And to emphasize the role politicians play in all this, in chapter 10, she quotes a Somali immigrant, who says “In Central and Southern Africa, there’s a saying: ‘When election day comes, keep your knife close….The politicians will try to separate us” [265]. Make no mistake: the same dynamic is playing out in our country today.
So, what we desperately need, instead of this false zero-sum narrative, is a new story, a story that honors and celebrates the ways we rise and fall together, the ways we depend on each other—a story that enables us to work together for the greater good for all of us. She writes:
“Everything depends on the answer to this question. Who is an American, and what are we to one another? Politics offers two visions of why all the peoples of the world have met here: one in which we are nothing more than competitors, and another in which perhaps the proximity of so much difference forces us to admit our common humanity. The choice between these two visions has never been starker. To a nation riven with anxiety about who belongs, many in power have made it their overarching goal to sow distrust about the goodness of the Other. They are holding on, white-knuckled, to a tiny idea of We the People, denying the beauty of what we are becoming….Since this country’s founding, we have not allowed our diversity to be our superpower, and the result is that the United States is not more than the sum of its disparate parts. But it could be. And if it were, all of us would prosper…We are greater than, and greater for, the sum of us” [288-289].

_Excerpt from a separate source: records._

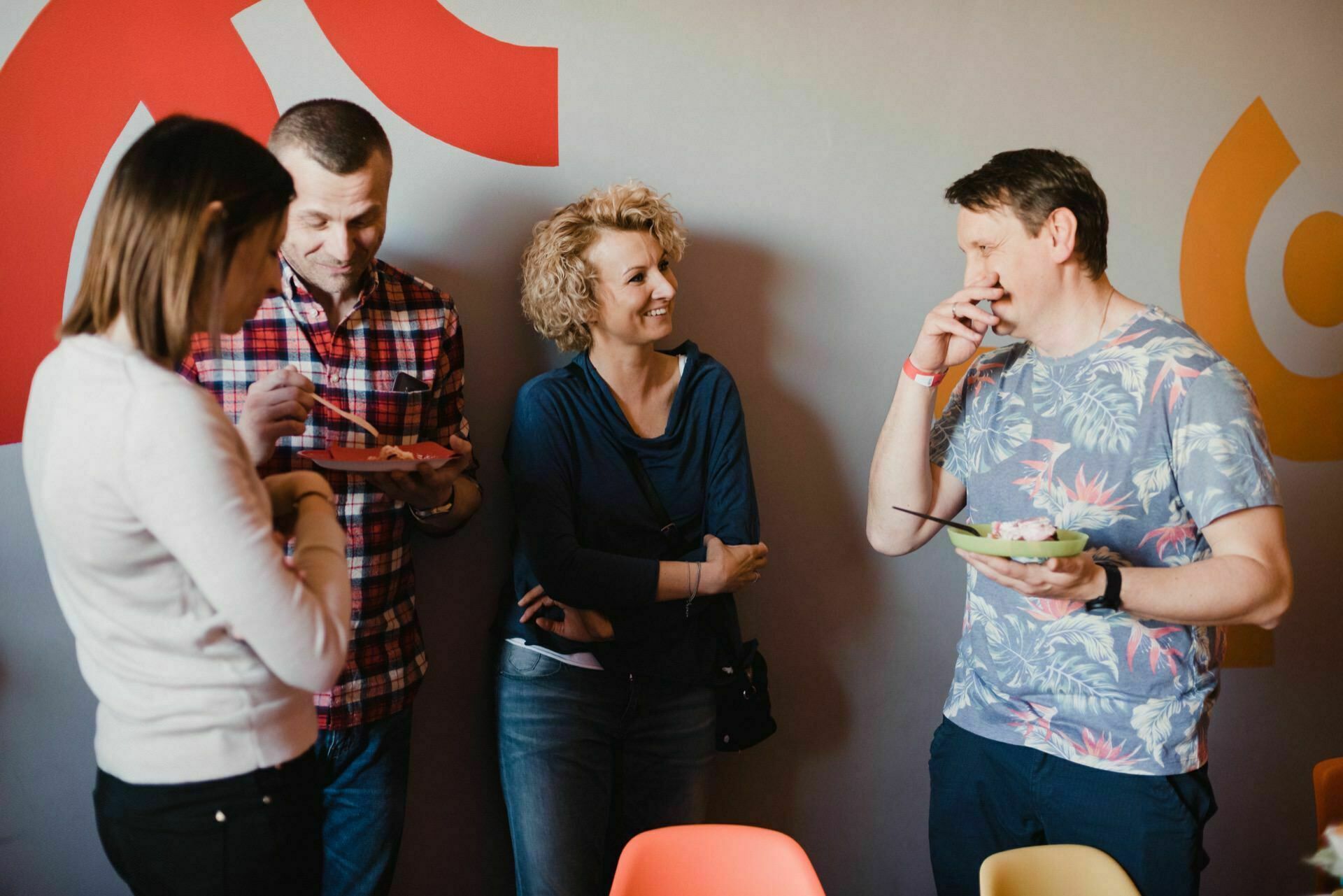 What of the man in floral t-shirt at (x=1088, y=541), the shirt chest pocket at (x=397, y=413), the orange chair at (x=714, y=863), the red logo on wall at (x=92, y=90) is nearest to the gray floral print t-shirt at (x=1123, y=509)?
the man in floral t-shirt at (x=1088, y=541)

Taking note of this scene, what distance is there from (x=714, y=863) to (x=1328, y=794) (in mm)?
1385

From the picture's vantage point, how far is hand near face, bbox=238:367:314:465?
1535 millimetres

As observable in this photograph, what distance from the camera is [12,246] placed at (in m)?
1.91

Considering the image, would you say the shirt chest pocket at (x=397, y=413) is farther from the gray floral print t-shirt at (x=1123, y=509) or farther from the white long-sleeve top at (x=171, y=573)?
the gray floral print t-shirt at (x=1123, y=509)

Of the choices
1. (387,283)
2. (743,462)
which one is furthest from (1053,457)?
(387,283)

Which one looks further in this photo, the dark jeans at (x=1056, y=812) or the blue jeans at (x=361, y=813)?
the blue jeans at (x=361, y=813)

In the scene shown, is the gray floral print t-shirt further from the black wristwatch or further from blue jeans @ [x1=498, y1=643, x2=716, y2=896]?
blue jeans @ [x1=498, y1=643, x2=716, y2=896]

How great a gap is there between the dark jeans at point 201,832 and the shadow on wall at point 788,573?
1473 mm

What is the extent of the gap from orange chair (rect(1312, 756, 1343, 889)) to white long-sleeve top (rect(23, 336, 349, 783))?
202cm

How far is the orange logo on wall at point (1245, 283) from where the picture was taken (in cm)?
281

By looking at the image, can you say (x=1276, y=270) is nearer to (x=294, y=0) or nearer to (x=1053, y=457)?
(x=1053, y=457)

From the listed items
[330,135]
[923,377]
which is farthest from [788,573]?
[330,135]

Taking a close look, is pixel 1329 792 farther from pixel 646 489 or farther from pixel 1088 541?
pixel 646 489

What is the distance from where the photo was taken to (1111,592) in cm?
151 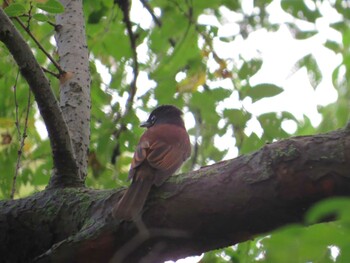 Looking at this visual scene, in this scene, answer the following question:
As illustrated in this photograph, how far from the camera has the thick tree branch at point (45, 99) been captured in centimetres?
288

It is a really compelling argument, and the book is very well written—I highly recommend it. The only thing I was left wondering is, are the people who need to read it going to read it, or is she only preaching to the choir? I’m not sure how best to get it into the hands of people whose minds might be changed by reading it.
This is one (of several) really powerful and insightful works of the past couple of years. Indeed, I feel the value of this work and the others like it aren’t going to change many hearts and/or minds.